There’s a lot that’s new about the latest version, known to BMW nerds as the G20. The first to arrive on these shores next March will be the $40,200 330i (in rear wheel drive and xDrive all-wheel drive variations), both powered by a new iteration of BMW’s 2.0L four-cylinder turbocharged engine. (No, BMW’s naming scheme makes no sense anymore.) With 255hp (190kW) and 295lb-ft (400Nm) of torque, it’s a little more powerful and a fair bit more torquey than the outgoing engine.
Spring 2019 will see the arrival of the six-cylinder 3 Series, the M340i. With 382hp (284kW) and 369lb-ft (500Nm) of torque, this would zip past an M3 of just a few years ago, making me wonder just how many horses the Bavarians will manage to cram under the hood of the actual-for-real G20 M3 when it finally shows up. For those whose tastes are more serene, a plug-in hybrid 330e will go on sale in 2020.
BMW has sold a lot of metal over the years by proclaiming itself the true home of the driver’s car, and it says it’s done a lot to ensure the new 3 Series is engaging to drive. The weight balance is 50:50 front-to-rear, and the body is 25 percent stiffer than before as well as being a little lighter. Weight has been taken out of the suspension with the use of aluminum, particularly in unsprung components. And there are M Sport and Adaptive M suspension options for those whose commute might include a quick detour around the Nordschleife.
The new 3 Series styling shouldn’t startle any potential customers, and is recognizably “3 Series.” It’s grown yet again, both in overall dimensions (2.9 inches longer, 0.5 inches taller, 0.6 inches wider) and in wheelbase (1.6 inches) and track (1.7 inches front, 0.8 inches rear). But its slipperier than before, with a drag coefficient (Cd) of just 0.26.

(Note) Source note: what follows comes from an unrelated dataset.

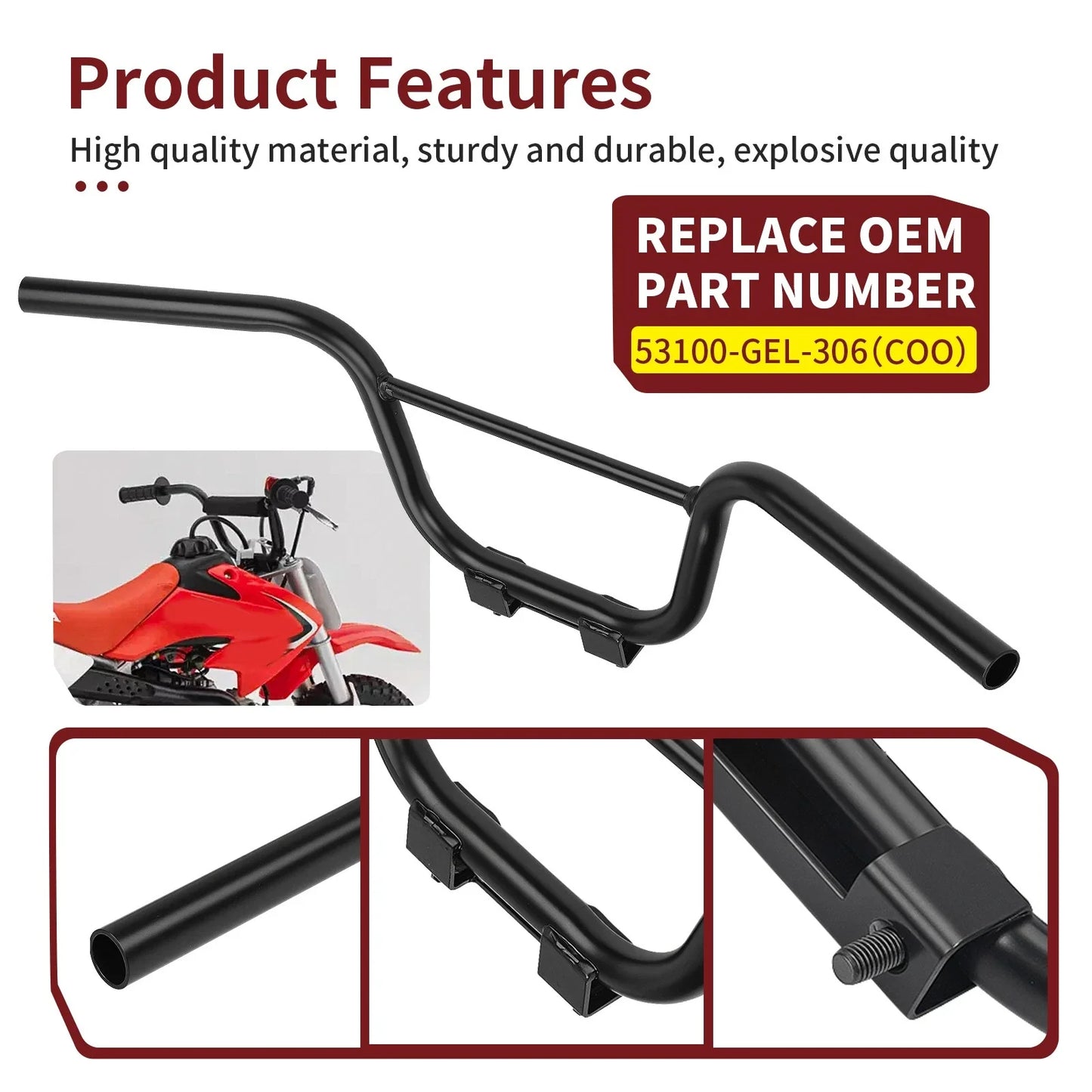 Handlebar Steering Bars for Honda CRF50F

In addition to the now-expected advanced driver assistance systems (ADAS) like adaptive cruise, pedestrian detection, collision detection, and so on, the G20 also gains what BMW is calling the “Intelligent Personal Assistant.” BMW says this will learn your routines and habits so it can be helpful, responding to commands like “Hey BMW, I’m cold” by turning up the cabin heat.
I can already hear many of you rolling your eyes at that, but it seems like almost every automaker is working on in-car AI, so you might as well get used to the concept. Plus, the natural language processing in BMWs might be the best we’ve encountered. And hey, iDrive was pretty rubbish in its first incarnation before turning into a fine infotainment system.